The first album sells like hotcakes, and Seggae music is becoming extremely popular. Kaya and Racine Tatane will then release several albums: "La  Pé Universel""Seggae Man", "Racine pé brillé", "Zistwar révoltant", "Chante Marley".

In his lyrics, Kaya denounces political powers, lies, and injustice. Although he becomes almost a national hero, it doesn't really change the discrimination Rastas are facing (and in fact the Creole community as a whole), especially from the government and the Hindu community. In many of his songs, Kaya pleads for legalization of Gandia (cannabis), and it doesn't really please them.

In Mauritius, cannabis use is severely repressed and prison sentences are frequent. Yet, some politicians from the "Republican movement" are in favour of decriminalization. On 16th of February 1999, this political party organizes a concert with several artists, including Kaya.

Some spectators are seen smoking gandia and Kaya himself  smokes a joint on stage. The affair is a scandal and several people are arrested including Kaya. He admits to smoking gandia and is detained. The bail is set at 10,000 rupees. Kaya's family and friends manage to raise the money but because of a few mistakes made by his lawyers, it is decided that Kaya would not be released until the Monday.

Unfortunately, he's found dead in his cell on Sunday, 21st of February. The official version says he would have have been in drug withdrawal and smashed his head against the wall, but very few people in Mauritius believe this version. Kaya's wife then requires an expertise by a doctor from Reunion Island and his verdict is that Kaya would have been beaten.

The news spread quickly on the island, causing riots. The troubles begin in his native village of Roche Bois and then extend to the whole country. The demonstrators strongly dispute the official version of Kaya's death, but beyond that, they express a profound uneasiness felt by all the Creole community: the constant discrimination they experience.
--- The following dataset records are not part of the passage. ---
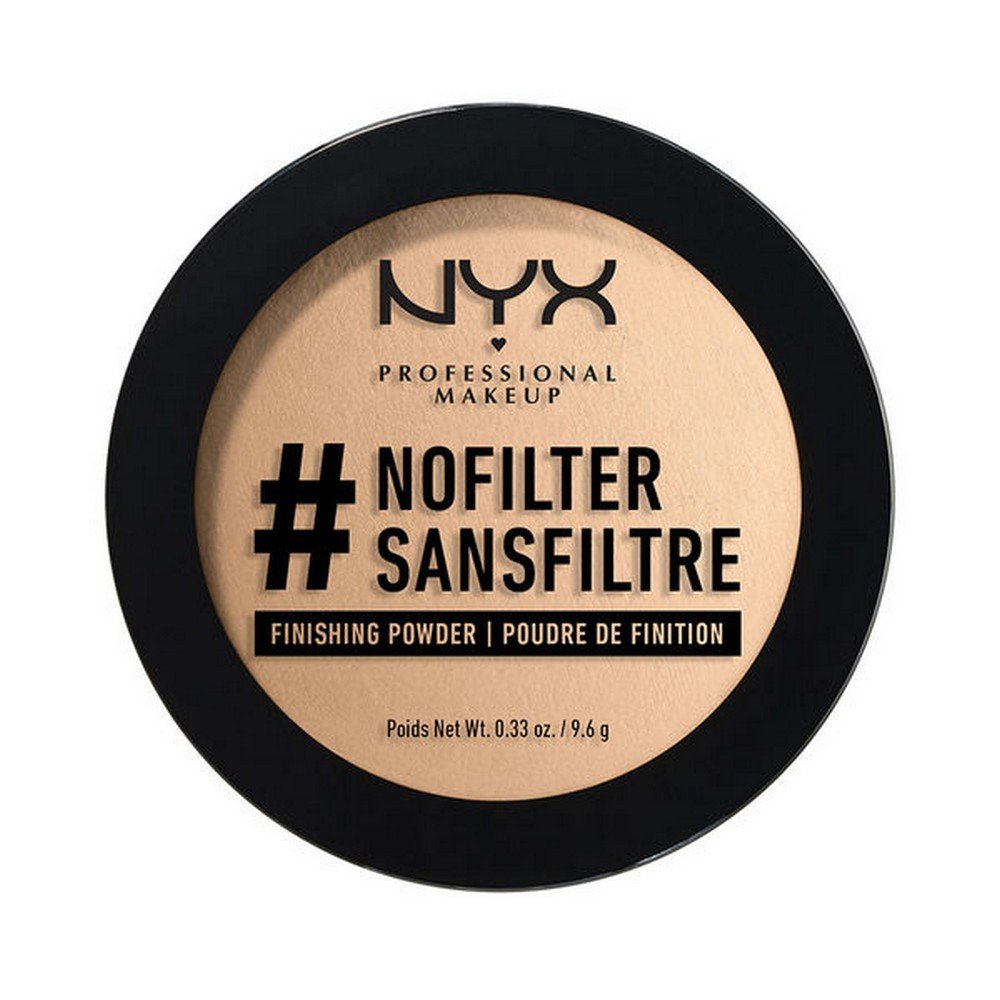 NYX No Filter Finishing Powder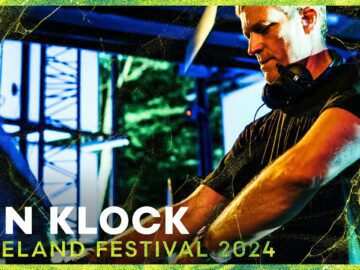BEN KLOCK at LOVELAND FESTIVAL 2024 • AMSTERDAM
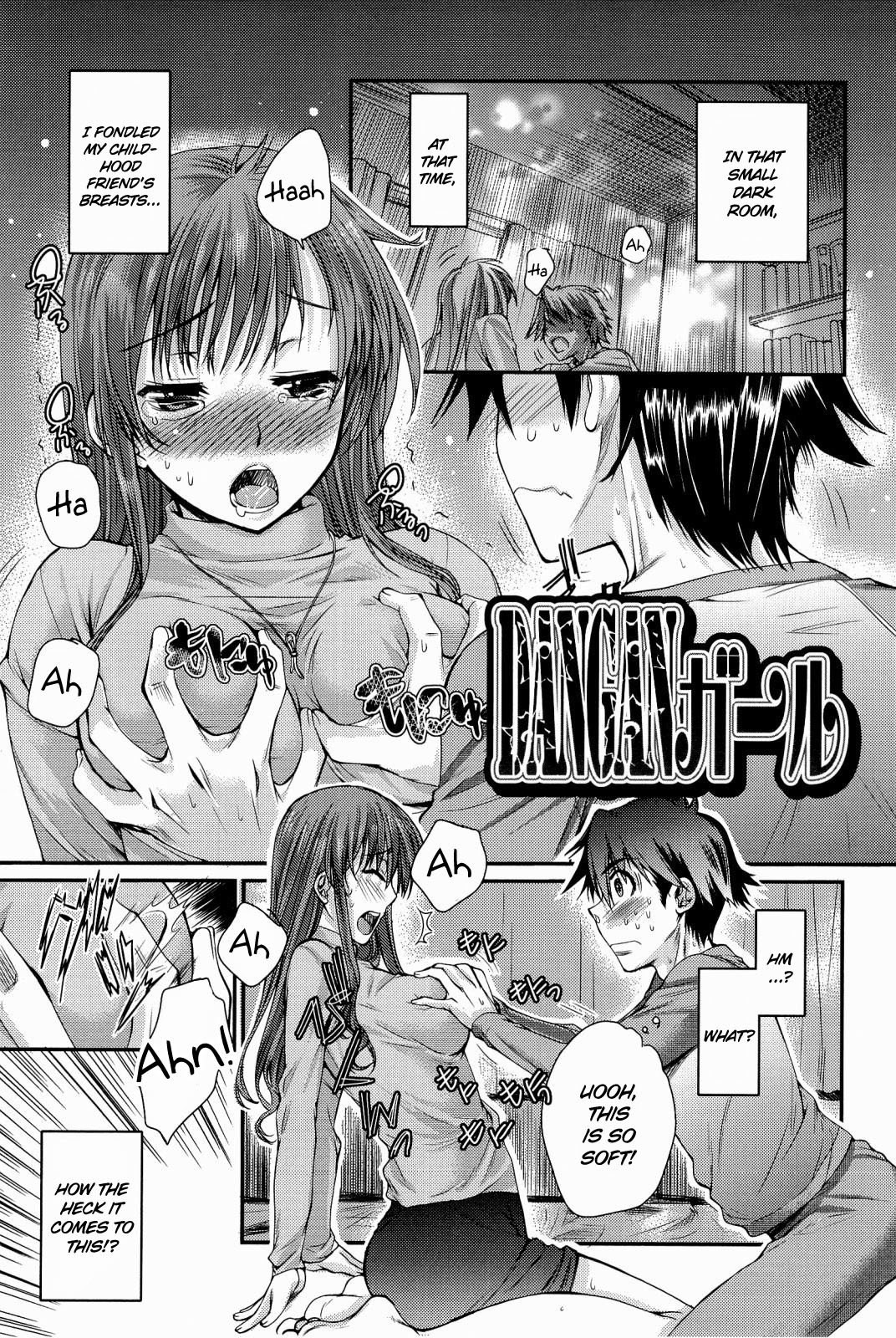 Hentai Manga Comic-Love Panic-Read-159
Fabrice told me that when the riots  began, he was working in a hotel, and was forbidden to leave his workplace for 3 days because it was too dangerous.

Kaya was buried in Roche Bois and several thousand people were present at the funeral. 

I know that this article is certainly incomplete, but the goal was just to make you discover an artist that I got to know when I was in Mauritius. Fabrice and his brothers told me a lot about Kaya and the riots. Fabrice's family is Creole, and to hear people speak of what they felt when Kaya died, made me understand that he was truly a hero to the Creole community. They thought he could change the image that society and the government had of them.

Unfortunately he left too soon to change all that ...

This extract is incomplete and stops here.